Charade concludes with a chase scene that begins in the metro and ends in the darkened theater of La Comédie Française.
Audrey Hepburn won an academy award for her role in Sabrina. The film also marked the start of her partnership with the French fashion designer Hubert de Givenchy, whose outfits turned Hepburn into a fashion icon. It was in Paris, during the making of Sabrina, that the two met for the first time. Givenchy hadn’t heard of Audrey and thought that he was going to be working with Katherine Hepburn; he snubbed her at first, saying that he wasn’t sure he would be able to give her much of his time, but his disappointment didn’t last for long.
In Sabrina, Hepburn plays the daughter of a chauffeur who works for a wealthy American family. She is in love with the playboy of the family, David Larrabee (William Holden), but she doesn’t catch his eye until she returns after spending two years in culinary school in Paris, looking all grown up and sophisticated. And once she’s back, she starts to fall in love with someone else.
In Paris, Sabrina attends Le Cordon Bleu, one of the most famous culinary schools in the world.

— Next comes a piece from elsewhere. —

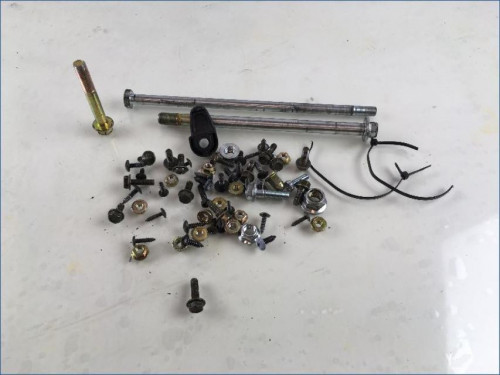 Kit visserie PEUGEOT V-CLIC 50 10-11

Paris When it Sizzles was greeted with mediocre reviews when it came out in 1964 (some people chalk it up to the bad chemistry between Hepburn and William Holden, a former flame and apparently a bit of an alcoholic). Holden plays a Hollywood screenwriter who has been so busy drinking and partying in Paris that he has yet to start writing a script due in two days’ time. Hepburn plays his assistant, Gaby, and together they dream up a wild and crazy Parisian adventure.
One of the scenes in the film-within-a-film takes place at the Chalet de la Grande Cascade, a ritzy outdoor restaurant in the Bois de Boulogne.
The characters leave the Chalet and dash into a grotto in the Bois de Boulogne (there actually is a grotto in the Bois, but it’s not the one we see in the film).